Work out how many lines in the listing below include the word "from". Give nothing but the number.
___ Records for the task
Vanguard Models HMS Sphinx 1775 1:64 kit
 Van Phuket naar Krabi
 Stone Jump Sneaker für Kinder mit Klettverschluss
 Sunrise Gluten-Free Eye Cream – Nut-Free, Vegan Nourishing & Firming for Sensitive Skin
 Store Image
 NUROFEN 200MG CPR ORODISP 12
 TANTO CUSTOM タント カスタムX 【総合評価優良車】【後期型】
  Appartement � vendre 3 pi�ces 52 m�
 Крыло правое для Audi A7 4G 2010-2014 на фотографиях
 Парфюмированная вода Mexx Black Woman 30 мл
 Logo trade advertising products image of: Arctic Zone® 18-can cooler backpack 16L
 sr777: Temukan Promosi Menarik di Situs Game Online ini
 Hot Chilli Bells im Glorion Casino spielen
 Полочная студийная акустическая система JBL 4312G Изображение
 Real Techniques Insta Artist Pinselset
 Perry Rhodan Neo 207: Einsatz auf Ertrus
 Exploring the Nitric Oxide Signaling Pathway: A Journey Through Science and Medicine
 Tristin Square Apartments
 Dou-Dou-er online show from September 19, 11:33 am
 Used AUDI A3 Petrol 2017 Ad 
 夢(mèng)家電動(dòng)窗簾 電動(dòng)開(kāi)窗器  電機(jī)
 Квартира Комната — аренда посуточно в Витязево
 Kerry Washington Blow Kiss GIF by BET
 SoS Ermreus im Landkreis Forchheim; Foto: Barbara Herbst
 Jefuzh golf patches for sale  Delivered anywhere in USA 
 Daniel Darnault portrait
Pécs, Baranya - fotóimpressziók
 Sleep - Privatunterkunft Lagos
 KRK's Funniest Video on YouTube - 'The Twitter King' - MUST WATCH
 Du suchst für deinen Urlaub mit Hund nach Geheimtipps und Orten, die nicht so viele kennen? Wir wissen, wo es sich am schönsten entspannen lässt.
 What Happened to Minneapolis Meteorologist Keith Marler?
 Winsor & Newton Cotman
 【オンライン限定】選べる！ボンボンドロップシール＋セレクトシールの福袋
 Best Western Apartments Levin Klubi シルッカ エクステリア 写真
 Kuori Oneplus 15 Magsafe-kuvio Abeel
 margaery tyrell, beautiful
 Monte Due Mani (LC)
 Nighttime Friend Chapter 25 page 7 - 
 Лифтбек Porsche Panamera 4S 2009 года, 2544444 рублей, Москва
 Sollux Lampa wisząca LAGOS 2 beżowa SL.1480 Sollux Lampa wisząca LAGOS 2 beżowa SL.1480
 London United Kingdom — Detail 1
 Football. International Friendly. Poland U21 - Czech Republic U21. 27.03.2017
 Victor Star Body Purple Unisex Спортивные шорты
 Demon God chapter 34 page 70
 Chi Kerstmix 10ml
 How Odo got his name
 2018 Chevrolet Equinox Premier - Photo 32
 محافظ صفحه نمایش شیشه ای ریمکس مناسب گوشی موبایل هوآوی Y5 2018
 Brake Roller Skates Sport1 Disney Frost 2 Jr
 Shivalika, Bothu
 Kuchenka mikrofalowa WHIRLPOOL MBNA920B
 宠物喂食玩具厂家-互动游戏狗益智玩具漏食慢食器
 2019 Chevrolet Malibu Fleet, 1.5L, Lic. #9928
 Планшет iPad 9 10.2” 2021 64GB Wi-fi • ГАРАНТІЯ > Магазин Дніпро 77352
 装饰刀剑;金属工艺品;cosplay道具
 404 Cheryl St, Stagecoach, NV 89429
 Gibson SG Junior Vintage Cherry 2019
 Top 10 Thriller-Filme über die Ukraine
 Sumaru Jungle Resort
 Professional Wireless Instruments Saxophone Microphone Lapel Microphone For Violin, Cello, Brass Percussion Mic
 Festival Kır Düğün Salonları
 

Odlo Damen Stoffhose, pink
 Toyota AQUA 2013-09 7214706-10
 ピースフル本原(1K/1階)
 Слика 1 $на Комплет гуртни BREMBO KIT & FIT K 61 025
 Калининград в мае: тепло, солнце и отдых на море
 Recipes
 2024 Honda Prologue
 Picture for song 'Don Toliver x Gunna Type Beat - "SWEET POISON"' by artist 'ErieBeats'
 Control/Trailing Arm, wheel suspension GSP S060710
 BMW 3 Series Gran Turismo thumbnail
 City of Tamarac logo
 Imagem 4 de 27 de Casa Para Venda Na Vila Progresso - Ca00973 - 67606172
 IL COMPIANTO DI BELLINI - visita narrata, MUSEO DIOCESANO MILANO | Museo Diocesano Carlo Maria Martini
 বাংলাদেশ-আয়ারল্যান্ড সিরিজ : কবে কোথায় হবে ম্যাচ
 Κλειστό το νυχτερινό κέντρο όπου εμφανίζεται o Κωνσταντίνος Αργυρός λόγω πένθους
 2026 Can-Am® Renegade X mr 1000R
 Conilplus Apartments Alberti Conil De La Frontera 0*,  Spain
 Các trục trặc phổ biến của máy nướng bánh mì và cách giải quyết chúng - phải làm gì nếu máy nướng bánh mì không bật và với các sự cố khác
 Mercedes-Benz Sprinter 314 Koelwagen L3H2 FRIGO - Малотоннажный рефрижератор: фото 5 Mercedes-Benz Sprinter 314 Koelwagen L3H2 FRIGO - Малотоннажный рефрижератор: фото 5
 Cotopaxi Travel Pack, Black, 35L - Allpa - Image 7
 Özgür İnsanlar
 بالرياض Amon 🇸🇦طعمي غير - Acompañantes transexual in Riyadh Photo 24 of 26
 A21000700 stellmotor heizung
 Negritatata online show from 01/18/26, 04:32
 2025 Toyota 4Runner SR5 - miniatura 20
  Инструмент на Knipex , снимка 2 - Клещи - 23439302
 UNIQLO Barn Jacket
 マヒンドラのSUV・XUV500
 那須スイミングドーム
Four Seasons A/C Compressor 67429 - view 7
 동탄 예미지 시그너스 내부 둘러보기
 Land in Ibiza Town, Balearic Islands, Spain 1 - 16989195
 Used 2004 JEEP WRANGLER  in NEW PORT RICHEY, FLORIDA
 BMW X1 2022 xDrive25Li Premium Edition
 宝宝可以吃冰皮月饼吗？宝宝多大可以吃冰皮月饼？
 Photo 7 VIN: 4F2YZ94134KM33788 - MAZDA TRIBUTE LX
______
▸ Exercise answer: 2